Thursday, 3 September 2009

Halcyon Recollections

When I was a child my father used to build boats. It was a hobby of his; his form of escape I suppose from the frustrations of everyday life, but it was something I very much took for granted - as though all fathers built boats in their spare time. It's only now, in middle age, I realise quite how extraordinary my childhood was because of this.

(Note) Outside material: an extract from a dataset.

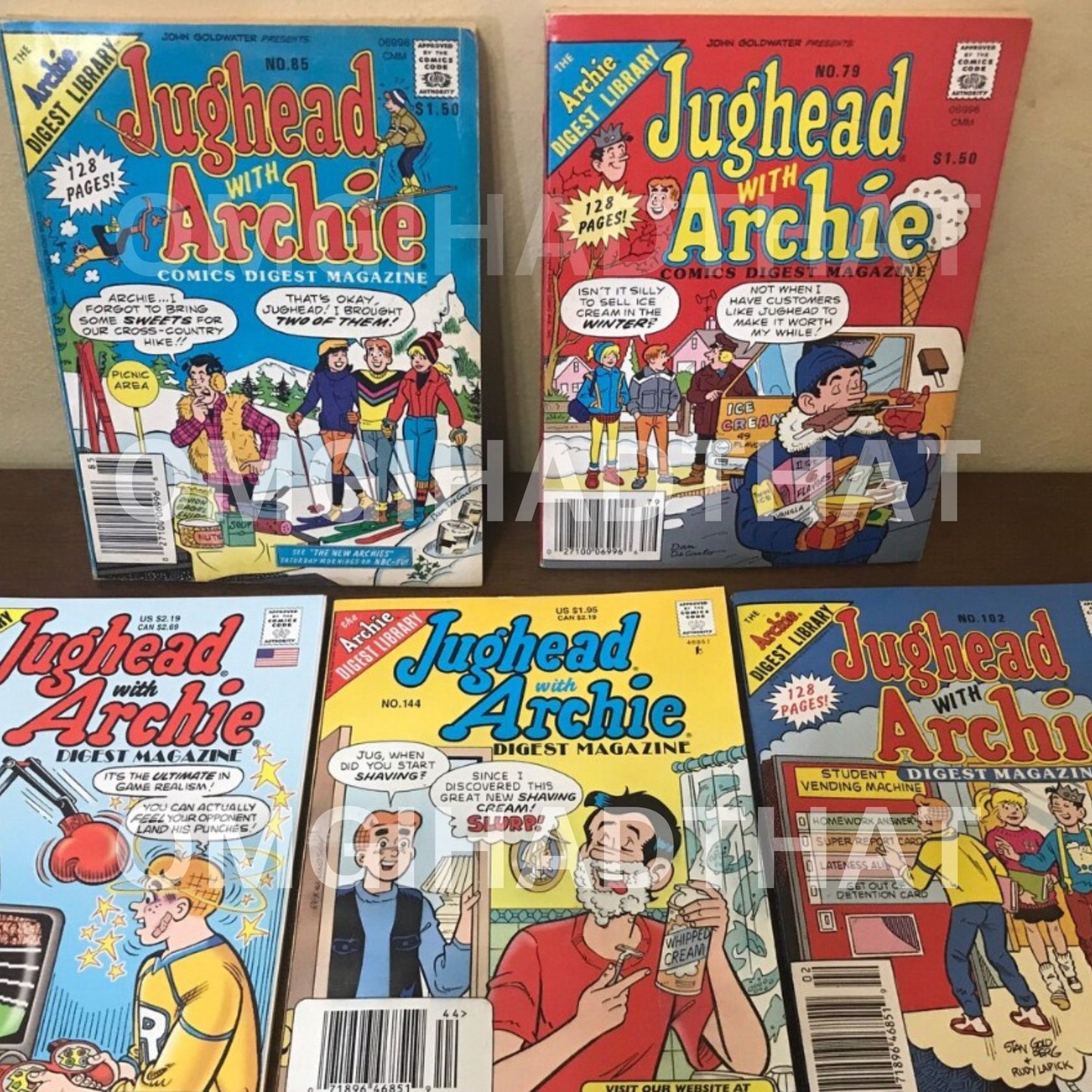Jughead with Archie Comics Digest Magazine - Classic comic featuring Jughead and the gang from Archie Comics. A must-have for collectors and fans of Archie’s humor and adventures.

Every weekend and holiday throughout the spring, summer and autumn, saw my family spending time on the River Wey; in particular at Papercourt Lock, where my parents had a mooring. It was utterly idyllic in many respects. As children, my brother and I were afforded a degree of freedom which I think would be pretty much unheard of nowadays - we'd take off all day in canoes exploring the river and backwater, or build camps in the undergrowth that invariably grows up alongside the towpaths. Very much a 'Swallows and Amazons' affair. The evenings were spent building huge bonfires, sometimes at 'Spooks Abbey'(Newark);



where we'd toast bread, drink illicit cans of cider and try outdo each other with ghostly tales around the fire. If the weather was particularly clement we'd maybe swim in the lock by torch or candle light, long after the last day tourist had gone home. At night we'd be lulled to sleep by the rocking of the boat and gentle lapping of water around the hull, and bid our escape at first light by climbing through a hatch at the front without waking our parents (or so we thought). Early morning mists across fields filled with the shadowy outline of cows, is an abiding ethereal memory of that time.


This was my life from the age of four until around seventeen, when ill health forced my father to give up work. Economics then dictated my parents could no longer afford luxuries such as mooring fees and boating licenses which would have left a huge gap in my life, had it not been for the fact that I'd acquired my first boyfriend and was more concerned with developing a social life closer to home.

And so it goes.

Just lately I've found myself thinking about the those days at the lock with more than a healthy degree of nostalgia. For some obscure reason, this summer in particular, has found me longing to return there, which I attempted in part a couple of evenings ago. At this point, I should explain that my own ill health ( I have a form of rheumatoid arthritis) often means I sometimes encounter problems when trying to walk any distance, and access to the lock is via an amble along a tow path which I didn't quite feel up to making at this particular point in time. So I wandered across a bridge from the car park at the tannery with Ian, to the backwater which runs parallel to the river and just stood there a while soaking in the atmosphere and taking a few photos before the sun set across the fields. In many respects it felt like I'd come home.




Last time I wrote here, I mentioned a story that's been mulling around in my head for a while now. Whilst the majority of it isn't centred around my experiences as a child, I very much want to weave my story around life on the river at a particular period in time. This 1907 photo of Papercourt in particular, intrigues me;



I think maybe, more research is in order!